Another downside: it needs power, so apart from your macbook charger you're gonna have another charger for the controller (this is obviously again
only a downside if you're playing out).

But here's the good news:

It has buttons, faders, knobs and even a jog wheel. The sky is the fucking limit, haha!

It has buttons that let you switch between 4 banks (and it's just pressing button 1, 2, 3 or 4 on top of the controller, not like with my akai lpd8), so
you can really put a lot of functions inside this controller. It's actually made so you can mix with only the mixer and this controller (it has four outputs
on the back that you route to your mixer), that's why you've got the 4 banks, so you can select the deck you're working in: A - D and then have the entire
controller controlling one deck.

I've quickly researched if there's any buttons that don't send out midi and that's the case: the 4 buttons above the jog wheel, the 4 buttons to change banks
and the shift button. Cool thing about the 4 buttons is that - i think - you can use these to have the jog wheel control different shit: for instance that you can
map it that button one is for scrolling through your tunes, button two is to alter effect parameters or something like that, ... which would be pretty cool.

Please do note, I've quickly searched this for you, and that doesn't mean that everything I'm saying is gonna be true, so before you buy anything please
do enough research on it. I don't want you to buy it and end up regretting the purchase because some things didn't work like you thought they would.
So if anything I'm saying isn't correct: don't shoot me for it.
;)

Anyway, once you've found a controller that you kinda like: google the shit out of it. Add 'custom midi mapping traktor' or something to your search query
or watch youtube videos and look how other people have mapped it. Since this reloop controller is already designed for traktor you're probably mostly gonna
find videos of people using it with the standard mapping though... But google it, normally you'd find some sites where you can download custom midi mappings
people made and uploaded. Most of the time they put a manual with it to explain which button/fader/knob does what: out of this you'll learn if the button/knob/fader
is custom mappable and normally you'd get some inspiration out of it as well, especially if you've never mapped a midi controller before.

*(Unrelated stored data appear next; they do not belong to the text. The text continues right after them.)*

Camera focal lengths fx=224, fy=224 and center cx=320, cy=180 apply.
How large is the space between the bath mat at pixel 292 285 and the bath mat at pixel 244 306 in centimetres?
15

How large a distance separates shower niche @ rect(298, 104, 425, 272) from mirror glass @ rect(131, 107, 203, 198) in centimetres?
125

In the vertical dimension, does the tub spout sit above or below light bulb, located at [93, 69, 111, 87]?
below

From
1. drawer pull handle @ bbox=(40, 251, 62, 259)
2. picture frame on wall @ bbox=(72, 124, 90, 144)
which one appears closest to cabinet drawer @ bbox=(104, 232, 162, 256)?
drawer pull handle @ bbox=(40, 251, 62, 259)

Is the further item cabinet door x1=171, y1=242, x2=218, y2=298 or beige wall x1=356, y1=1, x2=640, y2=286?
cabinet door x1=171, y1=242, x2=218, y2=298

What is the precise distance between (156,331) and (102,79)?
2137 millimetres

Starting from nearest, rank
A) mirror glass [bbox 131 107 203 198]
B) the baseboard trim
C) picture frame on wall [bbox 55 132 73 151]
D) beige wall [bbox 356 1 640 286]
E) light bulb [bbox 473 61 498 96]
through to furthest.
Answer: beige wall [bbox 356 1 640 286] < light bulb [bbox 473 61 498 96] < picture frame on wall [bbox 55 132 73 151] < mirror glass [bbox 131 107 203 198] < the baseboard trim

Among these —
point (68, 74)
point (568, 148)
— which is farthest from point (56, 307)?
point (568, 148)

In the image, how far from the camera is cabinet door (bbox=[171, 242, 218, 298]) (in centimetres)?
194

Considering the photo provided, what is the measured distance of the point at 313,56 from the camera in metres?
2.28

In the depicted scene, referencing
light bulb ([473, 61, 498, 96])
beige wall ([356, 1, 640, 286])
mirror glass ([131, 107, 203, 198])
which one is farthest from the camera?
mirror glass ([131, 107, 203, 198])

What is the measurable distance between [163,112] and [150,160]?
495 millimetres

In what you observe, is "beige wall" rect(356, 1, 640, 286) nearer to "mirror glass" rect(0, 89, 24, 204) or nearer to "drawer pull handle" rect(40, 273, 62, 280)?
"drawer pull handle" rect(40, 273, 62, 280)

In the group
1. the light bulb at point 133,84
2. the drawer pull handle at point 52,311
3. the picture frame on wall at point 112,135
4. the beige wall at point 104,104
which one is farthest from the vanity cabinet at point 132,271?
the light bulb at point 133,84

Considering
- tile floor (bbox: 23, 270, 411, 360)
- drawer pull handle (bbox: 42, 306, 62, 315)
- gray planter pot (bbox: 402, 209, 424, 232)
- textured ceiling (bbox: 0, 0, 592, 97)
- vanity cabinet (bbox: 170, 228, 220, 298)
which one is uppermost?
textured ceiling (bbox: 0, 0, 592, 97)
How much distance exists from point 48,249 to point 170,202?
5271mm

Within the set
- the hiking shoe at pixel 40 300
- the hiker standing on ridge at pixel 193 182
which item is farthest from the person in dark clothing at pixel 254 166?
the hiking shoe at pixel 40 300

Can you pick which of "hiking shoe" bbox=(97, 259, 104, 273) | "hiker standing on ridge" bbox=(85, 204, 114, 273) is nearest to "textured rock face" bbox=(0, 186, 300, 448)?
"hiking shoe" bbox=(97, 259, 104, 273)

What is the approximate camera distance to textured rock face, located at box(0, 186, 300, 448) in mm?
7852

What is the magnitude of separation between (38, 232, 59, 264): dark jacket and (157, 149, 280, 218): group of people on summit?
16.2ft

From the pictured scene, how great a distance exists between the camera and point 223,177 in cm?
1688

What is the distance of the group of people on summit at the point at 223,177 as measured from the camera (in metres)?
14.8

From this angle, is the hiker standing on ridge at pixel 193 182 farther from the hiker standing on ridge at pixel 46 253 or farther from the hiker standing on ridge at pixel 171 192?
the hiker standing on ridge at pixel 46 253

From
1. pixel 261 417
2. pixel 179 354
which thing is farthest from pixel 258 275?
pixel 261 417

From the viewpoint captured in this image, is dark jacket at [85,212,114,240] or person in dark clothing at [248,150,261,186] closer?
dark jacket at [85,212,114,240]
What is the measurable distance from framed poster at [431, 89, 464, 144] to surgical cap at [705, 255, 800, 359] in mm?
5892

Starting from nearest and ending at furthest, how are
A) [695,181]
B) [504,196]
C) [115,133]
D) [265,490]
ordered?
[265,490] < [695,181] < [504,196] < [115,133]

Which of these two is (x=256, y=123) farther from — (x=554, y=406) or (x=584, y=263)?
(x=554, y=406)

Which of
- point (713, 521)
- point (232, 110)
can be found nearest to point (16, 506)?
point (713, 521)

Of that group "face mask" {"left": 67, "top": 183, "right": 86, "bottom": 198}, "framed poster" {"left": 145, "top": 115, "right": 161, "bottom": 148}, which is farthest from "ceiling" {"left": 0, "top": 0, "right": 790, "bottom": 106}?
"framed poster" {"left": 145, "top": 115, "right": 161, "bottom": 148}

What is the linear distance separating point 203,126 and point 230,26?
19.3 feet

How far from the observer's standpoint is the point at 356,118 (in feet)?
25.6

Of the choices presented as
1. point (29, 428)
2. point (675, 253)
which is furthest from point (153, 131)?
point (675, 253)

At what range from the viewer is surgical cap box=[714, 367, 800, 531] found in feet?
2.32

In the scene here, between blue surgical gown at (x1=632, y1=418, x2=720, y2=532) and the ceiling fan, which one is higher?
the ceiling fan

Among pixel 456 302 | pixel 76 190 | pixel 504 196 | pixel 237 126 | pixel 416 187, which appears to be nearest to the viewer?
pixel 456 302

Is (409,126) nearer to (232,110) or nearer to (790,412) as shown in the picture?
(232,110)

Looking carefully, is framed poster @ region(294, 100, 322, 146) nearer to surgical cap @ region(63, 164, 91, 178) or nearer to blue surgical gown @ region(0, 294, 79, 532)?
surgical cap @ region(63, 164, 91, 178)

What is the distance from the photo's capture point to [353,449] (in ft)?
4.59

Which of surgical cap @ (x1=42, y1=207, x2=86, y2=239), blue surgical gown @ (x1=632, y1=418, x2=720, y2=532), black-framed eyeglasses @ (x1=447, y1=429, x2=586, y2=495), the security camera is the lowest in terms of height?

I still don't know all about midi, just enough to get the two I've bought so far working. Don't worry: at first it'll all seem like chinese to you but normally all you
have to do is plug these in (sometimes install a driver, if it says traktor ready - like this reloop - that should mean that the driver is already inside traktor): it's
fairly easy, all you need to do is experiment a bit with the functions you can assign in traktor, and then it's just thinking out how you're going to use the faders/
buttons/knobs and what functions you're going to assign to what hardware. :)

Here's a pic of the reloop controller: Reloop Countour Interfae Edition





Damn this is half a book i've written! I'm too good for this world, actually should get some work done instead, lol
 
Last edited:

Howitzer

Active Member
VIP Junglist
Messages
643
Likes
74
#14
getting your hands dirty with midi is fun, and can have gratifying results when you nail it down. You'll save yourself a bit of money too if you get a cheap LPD8 or something.

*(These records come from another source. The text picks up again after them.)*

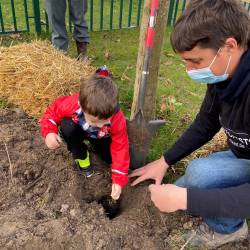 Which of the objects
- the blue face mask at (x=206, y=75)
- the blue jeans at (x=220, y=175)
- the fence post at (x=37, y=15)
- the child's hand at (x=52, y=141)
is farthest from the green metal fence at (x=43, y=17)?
the blue face mask at (x=206, y=75)

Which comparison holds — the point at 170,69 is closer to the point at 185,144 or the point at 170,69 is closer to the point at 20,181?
the point at 185,144

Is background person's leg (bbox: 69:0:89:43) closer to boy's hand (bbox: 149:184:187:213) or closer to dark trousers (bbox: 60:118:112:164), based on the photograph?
dark trousers (bbox: 60:118:112:164)

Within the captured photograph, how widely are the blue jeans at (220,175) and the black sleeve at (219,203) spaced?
18.4 inches

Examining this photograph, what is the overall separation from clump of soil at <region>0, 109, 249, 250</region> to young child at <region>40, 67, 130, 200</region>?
163mm

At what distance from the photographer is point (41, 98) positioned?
11.4 feet

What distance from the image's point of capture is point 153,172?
2.53m

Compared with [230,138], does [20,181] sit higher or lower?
lower

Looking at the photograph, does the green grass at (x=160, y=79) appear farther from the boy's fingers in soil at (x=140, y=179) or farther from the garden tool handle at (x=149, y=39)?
the garden tool handle at (x=149, y=39)

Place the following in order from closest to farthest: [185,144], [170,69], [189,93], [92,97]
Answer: [92,97] < [185,144] < [189,93] < [170,69]

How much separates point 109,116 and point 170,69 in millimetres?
2695

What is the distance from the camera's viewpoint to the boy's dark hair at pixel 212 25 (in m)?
1.61

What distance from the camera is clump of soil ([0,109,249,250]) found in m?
2.17

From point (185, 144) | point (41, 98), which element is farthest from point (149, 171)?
point (41, 98)

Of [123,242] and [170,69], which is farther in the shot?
[170,69] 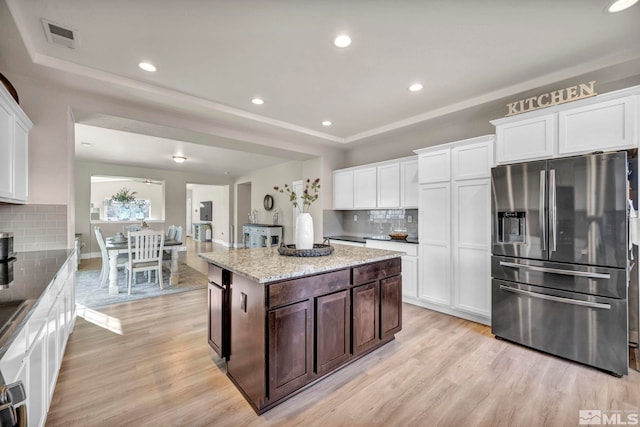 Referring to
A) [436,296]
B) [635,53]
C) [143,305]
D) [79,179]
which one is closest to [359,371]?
[436,296]

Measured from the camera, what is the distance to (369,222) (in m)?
5.12

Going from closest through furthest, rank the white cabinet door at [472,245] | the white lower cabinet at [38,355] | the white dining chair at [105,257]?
the white lower cabinet at [38,355] → the white cabinet door at [472,245] → the white dining chair at [105,257]

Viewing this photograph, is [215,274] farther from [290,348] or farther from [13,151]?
[13,151]

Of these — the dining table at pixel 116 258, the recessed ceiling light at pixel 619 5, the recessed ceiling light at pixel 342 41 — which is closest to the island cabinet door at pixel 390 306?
the recessed ceiling light at pixel 342 41

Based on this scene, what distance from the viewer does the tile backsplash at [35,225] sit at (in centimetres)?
253

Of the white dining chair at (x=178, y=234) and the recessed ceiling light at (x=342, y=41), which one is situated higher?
the recessed ceiling light at (x=342, y=41)

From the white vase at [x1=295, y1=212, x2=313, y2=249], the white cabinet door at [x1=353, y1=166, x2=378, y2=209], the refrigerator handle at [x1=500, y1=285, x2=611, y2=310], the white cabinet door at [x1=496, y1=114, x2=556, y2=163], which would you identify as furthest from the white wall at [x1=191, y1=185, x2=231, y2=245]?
the refrigerator handle at [x1=500, y1=285, x2=611, y2=310]

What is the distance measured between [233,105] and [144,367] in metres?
2.91

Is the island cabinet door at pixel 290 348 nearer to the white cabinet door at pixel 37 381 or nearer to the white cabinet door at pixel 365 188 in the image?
the white cabinet door at pixel 37 381

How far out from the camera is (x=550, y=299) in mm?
2459

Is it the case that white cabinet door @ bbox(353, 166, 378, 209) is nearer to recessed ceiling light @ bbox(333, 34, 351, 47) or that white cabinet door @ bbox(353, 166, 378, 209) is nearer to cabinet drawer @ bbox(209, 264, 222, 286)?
recessed ceiling light @ bbox(333, 34, 351, 47)

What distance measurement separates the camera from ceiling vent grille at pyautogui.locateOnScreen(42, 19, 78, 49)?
199 centimetres

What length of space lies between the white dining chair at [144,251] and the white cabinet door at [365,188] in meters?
3.34

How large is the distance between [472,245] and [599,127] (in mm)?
1521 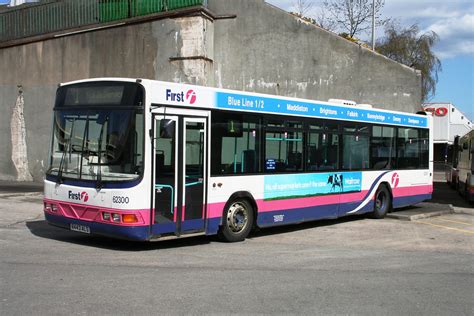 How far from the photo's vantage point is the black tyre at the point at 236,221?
9.60 m

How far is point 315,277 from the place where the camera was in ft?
23.2

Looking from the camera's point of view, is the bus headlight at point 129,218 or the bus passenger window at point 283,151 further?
the bus passenger window at point 283,151

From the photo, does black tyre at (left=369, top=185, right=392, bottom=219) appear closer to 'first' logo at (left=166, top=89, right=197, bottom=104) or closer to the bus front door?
the bus front door

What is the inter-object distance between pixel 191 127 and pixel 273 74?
10.4 meters

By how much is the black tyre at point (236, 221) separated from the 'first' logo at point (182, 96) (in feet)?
6.99

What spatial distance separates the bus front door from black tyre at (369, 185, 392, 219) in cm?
645

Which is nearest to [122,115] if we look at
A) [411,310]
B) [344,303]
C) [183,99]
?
[183,99]

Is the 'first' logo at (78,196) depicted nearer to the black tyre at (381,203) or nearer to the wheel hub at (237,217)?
the wheel hub at (237,217)

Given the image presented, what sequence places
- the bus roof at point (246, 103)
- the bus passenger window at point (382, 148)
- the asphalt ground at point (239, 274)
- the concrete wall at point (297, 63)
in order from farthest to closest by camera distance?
the concrete wall at point (297, 63), the bus passenger window at point (382, 148), the bus roof at point (246, 103), the asphalt ground at point (239, 274)

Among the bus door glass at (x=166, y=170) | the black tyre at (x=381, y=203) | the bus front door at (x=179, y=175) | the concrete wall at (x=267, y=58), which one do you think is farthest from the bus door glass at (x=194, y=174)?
the concrete wall at (x=267, y=58)

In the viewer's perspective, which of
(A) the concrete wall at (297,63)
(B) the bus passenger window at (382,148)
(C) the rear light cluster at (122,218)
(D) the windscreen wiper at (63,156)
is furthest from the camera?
(A) the concrete wall at (297,63)

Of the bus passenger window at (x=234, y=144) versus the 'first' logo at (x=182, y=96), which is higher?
the 'first' logo at (x=182, y=96)

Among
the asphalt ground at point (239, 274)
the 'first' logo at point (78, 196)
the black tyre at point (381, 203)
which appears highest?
the 'first' logo at point (78, 196)

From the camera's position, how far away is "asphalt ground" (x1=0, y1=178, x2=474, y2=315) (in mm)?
5578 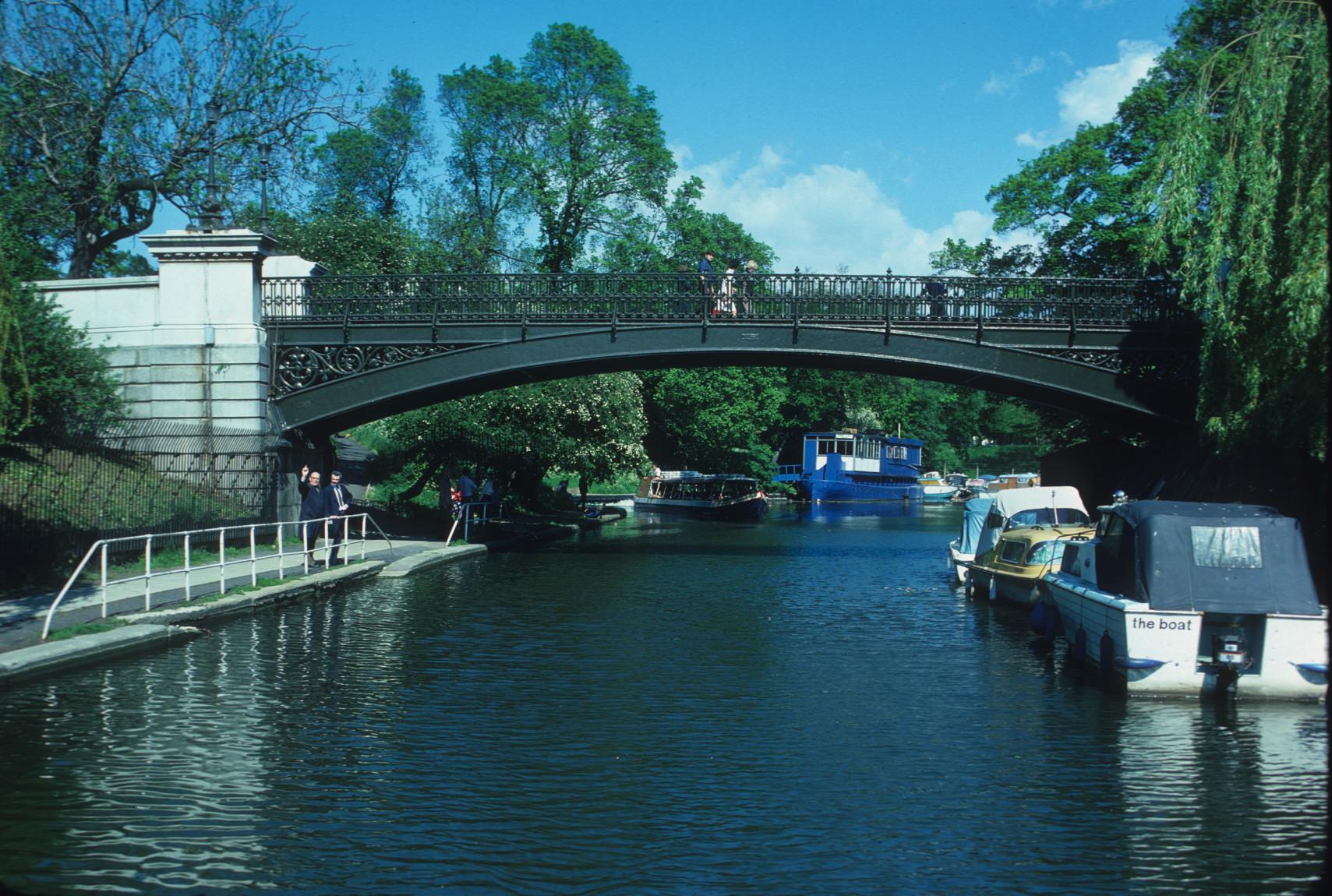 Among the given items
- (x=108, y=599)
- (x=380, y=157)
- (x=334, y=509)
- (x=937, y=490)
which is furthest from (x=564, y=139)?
(x=937, y=490)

I went down this route initially, ive owned a reloop digital jockey 2, augmented that with LPD8's, midi fighters, MPD24's, etc. All cheap, all good fun, none of them compare to an X1.

Now I rock 2 X1's and DVS. All the controllers in the world do not compare to a good piece of hardware made specifically for the program. Everything you'll need to do inside traktor as far as transport functions, looping & effects are all catered for out of the box. If theres something else you need, then get involved with midi mapping.

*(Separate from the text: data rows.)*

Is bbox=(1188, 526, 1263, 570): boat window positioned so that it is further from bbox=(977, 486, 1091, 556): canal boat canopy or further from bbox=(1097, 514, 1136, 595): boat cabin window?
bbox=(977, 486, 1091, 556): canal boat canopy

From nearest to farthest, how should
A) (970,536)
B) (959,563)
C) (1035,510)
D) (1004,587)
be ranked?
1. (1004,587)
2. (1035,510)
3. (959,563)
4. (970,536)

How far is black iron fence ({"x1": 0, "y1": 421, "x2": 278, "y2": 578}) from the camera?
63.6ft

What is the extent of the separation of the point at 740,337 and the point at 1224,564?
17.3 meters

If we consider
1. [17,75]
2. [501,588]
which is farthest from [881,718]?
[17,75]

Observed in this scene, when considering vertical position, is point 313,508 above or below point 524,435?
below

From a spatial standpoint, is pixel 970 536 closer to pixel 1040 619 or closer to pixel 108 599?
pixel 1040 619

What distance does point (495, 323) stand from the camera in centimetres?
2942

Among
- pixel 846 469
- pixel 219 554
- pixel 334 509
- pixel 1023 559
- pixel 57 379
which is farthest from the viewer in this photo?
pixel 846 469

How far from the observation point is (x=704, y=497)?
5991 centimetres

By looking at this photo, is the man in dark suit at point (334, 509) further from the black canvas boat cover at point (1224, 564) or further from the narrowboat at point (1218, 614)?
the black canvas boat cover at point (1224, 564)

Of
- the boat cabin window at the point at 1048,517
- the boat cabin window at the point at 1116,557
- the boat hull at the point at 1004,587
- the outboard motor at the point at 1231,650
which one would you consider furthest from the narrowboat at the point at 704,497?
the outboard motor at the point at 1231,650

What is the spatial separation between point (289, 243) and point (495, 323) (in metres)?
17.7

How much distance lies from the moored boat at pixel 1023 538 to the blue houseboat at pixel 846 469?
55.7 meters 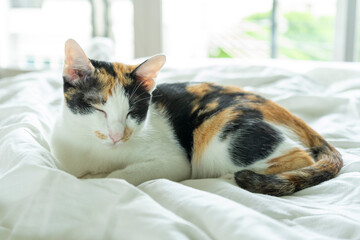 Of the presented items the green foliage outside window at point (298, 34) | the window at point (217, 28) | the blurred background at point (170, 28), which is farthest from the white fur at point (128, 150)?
the green foliage outside window at point (298, 34)

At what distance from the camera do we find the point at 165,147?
1201 millimetres

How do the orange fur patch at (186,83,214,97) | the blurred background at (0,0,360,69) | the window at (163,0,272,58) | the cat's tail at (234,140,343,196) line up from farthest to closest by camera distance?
the window at (163,0,272,58) < the blurred background at (0,0,360,69) < the orange fur patch at (186,83,214,97) < the cat's tail at (234,140,343,196)

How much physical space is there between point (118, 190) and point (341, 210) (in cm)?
45

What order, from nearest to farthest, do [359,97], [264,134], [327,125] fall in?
1. [264,134]
2. [327,125]
3. [359,97]

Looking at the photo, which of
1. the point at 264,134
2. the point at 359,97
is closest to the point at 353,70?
the point at 359,97

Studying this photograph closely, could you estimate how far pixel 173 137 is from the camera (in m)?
1.25

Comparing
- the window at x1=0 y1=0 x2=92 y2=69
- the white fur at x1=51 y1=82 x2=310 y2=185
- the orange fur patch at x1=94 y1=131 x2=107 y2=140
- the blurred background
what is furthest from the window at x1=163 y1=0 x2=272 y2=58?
the orange fur patch at x1=94 y1=131 x2=107 y2=140

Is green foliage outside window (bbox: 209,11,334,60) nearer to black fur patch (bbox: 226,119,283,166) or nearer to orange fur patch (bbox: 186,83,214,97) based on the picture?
orange fur patch (bbox: 186,83,214,97)

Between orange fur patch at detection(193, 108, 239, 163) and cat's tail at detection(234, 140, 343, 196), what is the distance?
164 mm

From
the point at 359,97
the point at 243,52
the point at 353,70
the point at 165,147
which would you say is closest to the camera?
the point at 165,147

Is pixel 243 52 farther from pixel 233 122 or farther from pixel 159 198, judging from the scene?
pixel 159 198

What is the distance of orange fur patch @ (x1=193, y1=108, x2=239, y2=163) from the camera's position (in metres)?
1.15

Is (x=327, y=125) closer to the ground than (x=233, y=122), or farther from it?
closer to the ground

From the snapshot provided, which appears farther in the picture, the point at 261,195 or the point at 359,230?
the point at 261,195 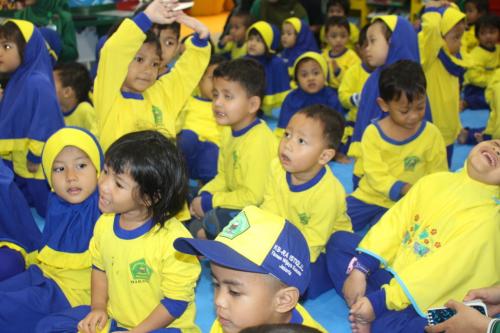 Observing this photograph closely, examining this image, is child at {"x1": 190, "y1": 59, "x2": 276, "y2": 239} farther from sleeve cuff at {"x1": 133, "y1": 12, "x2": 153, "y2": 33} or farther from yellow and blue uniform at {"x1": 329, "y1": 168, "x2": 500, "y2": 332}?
yellow and blue uniform at {"x1": 329, "y1": 168, "x2": 500, "y2": 332}

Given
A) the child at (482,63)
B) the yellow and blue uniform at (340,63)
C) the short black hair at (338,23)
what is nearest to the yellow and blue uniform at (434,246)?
the yellow and blue uniform at (340,63)

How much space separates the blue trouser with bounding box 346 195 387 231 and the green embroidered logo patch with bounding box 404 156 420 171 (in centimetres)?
22

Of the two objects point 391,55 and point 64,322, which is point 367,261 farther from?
point 391,55

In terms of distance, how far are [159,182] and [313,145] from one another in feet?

One thing that is painful about midi mapping is actually remembering what youve set all your buttons to do. It can get really mind bending, especially when you start throwing modifiers into the mix.

I know too many people though, that really, really cant be arsed with midi. their loss.

As far as fitting controllers in a booth goes, ive never had issues with fitting an X1 in, and ive played in some tiny, shitty booths. Theyre the perfect size for inbetween the mixer and a TT.